The British referendum was no exact mirror of the U.S. political landscape. The American electorate is far more diverse and Trump is deeply unpopular with minority voters, a serious weakness dogging his Republican candidacy. The referendum also centered on a single issue, while the presidential election can be as much a decision about personality and temperament as candidates’ policies.
Yet the parallels between the forces that drove the British vote and those at the core of Trump’s campaign are striking. Among them: a belief that globalization is hurting the working class, and increased immigration is changing the country’s character.

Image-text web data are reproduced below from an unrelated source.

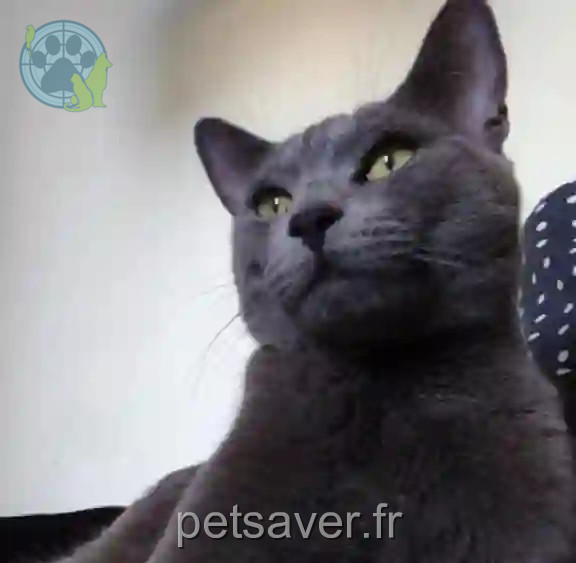 Chat Perdu 34 Hérault - Scofield Chat Perdu 34 Hérault - Scofield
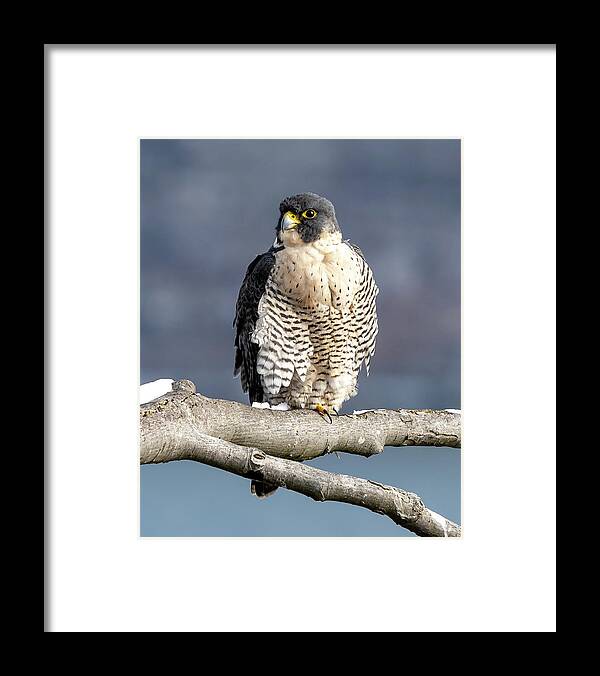 Birds Framed Print featuring the photograph Falcon in Winter-1 by Kevin Suttlehan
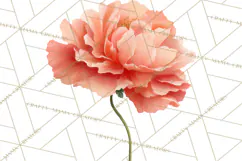Spring Flower Clipart, Floral Clip Art PNG, Watercolor Product Image 3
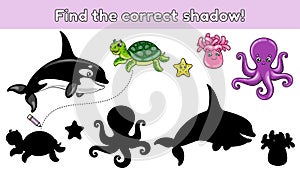 Find the correct shadow sea animals-4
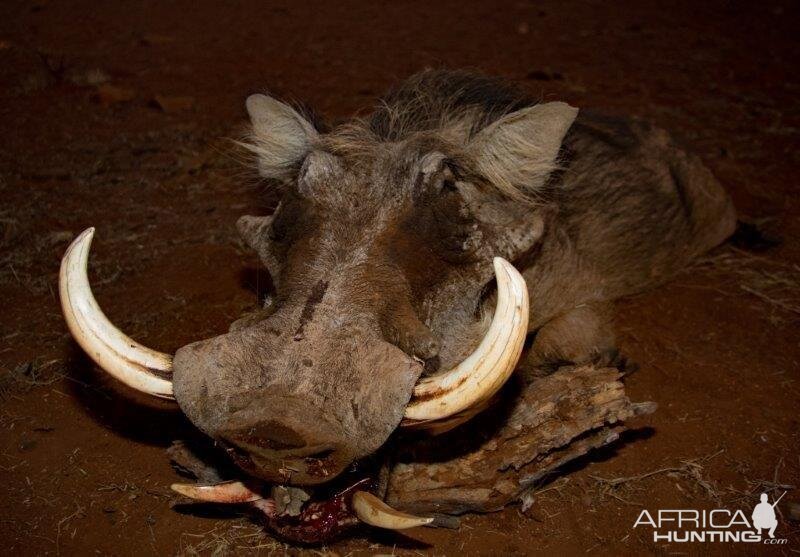 South Africa Warthog Hunt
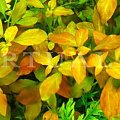 ludwigia repens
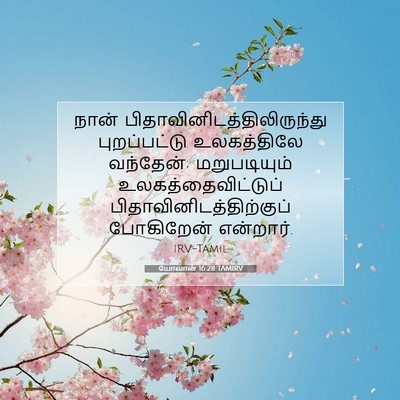 Picture 07 - யோவான் 16:28 TAMIRV - நான் - Bible Verse Picture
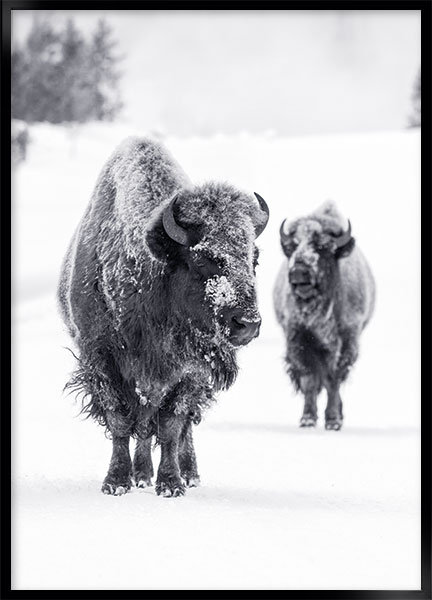 Plakat - Bison par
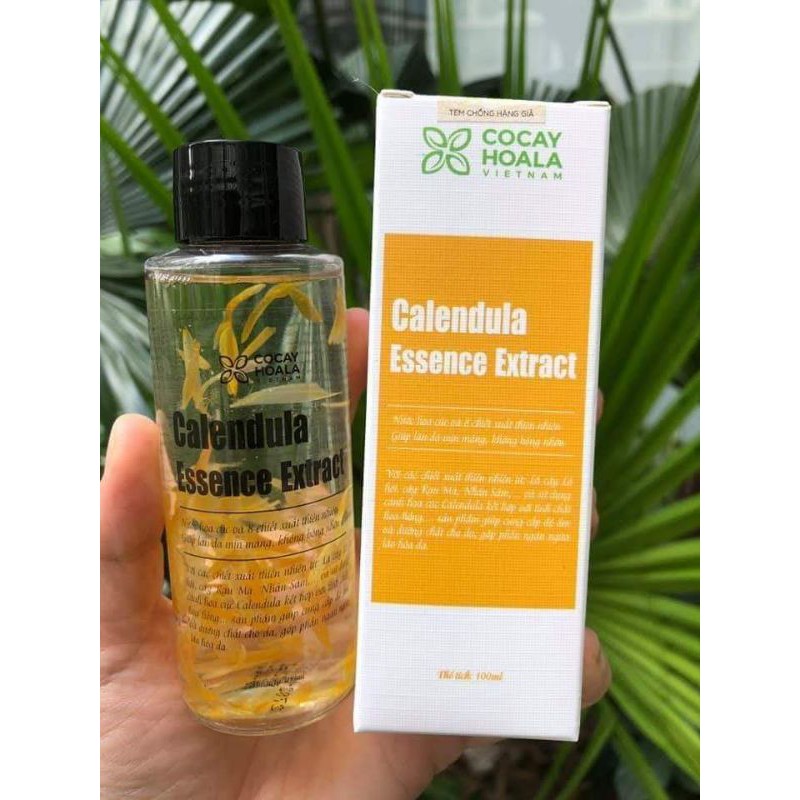 Nước thần hoa cúc 2in1 Cocayhoala cấp ẩm tức thì, trẻ hóa làn da sau 10 ngày Calendula Essence Extract 100ml | BigBuy360 - bigbuy360.vn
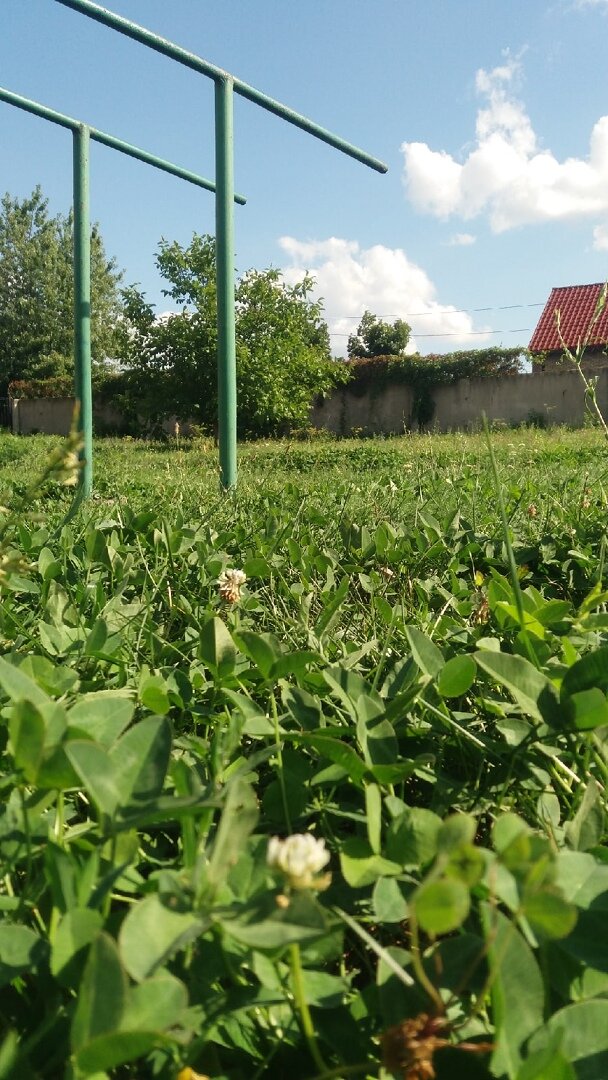 Яндекс Дзен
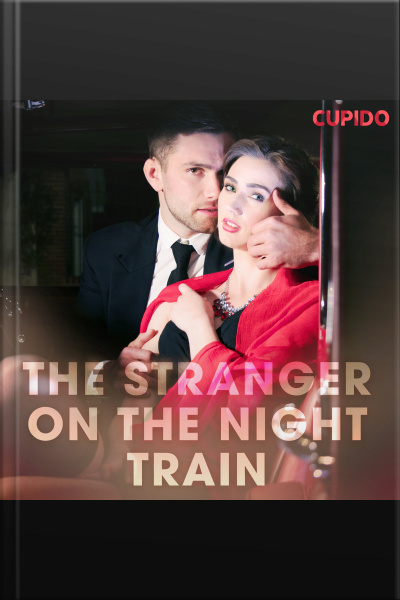 The Stranger On The Night Train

In both nations, there is strong resentment of political elites who often appear to have little connection to the voters they’re supposed to represent.
“I think there are great similarities between what happened here and my campaign,” Trump said from Scotland, at the opening of one of his golf courses. “People want to see borders. They don’t necessarily want people pouring into their country that they don’t know who they are and where they come from.”
Stock markets plummeted after the outcome, Prime Minister David Cameron announced his resignation and the British pound fell to its lowest level in 31 years on concerns that severing ties will undermine London’s position as a global financial center.
In the U.S., Clinton cast the economic uncertainty as a reason America needs “calm, steady, experienced leadership” in the Oval Office — a knock on her often unpredictable and politically inexperienced Republican rival. Clinton aides also highlighted Trump’s assertion Friday that a weaker pound would make his Scottish golf course more attractive to visitors.
Some Democrats, openly anxious, warned the party should not underestimate the willingness of angry U.S. voters to take a more uncertain path in November and side with Trump.
“It’s a timely big splash of cold water the face of Democrats,” said Ron Kirk, the former Democratic mayor of Dallas and U.S. trade representative for President Barack Obama.
For some Republicans, the outcome in Britain was a reminder that despite Trump’s shortcomings, he may be the candidate most attuned to voters — an intangible that campaign cash can’t buy.
“Brexit is a wakeup call for the Clinton team,” said Scott Reed, chief strategist for the U.S. Chamber of Commerce. “The status quo won’t work this cycle.”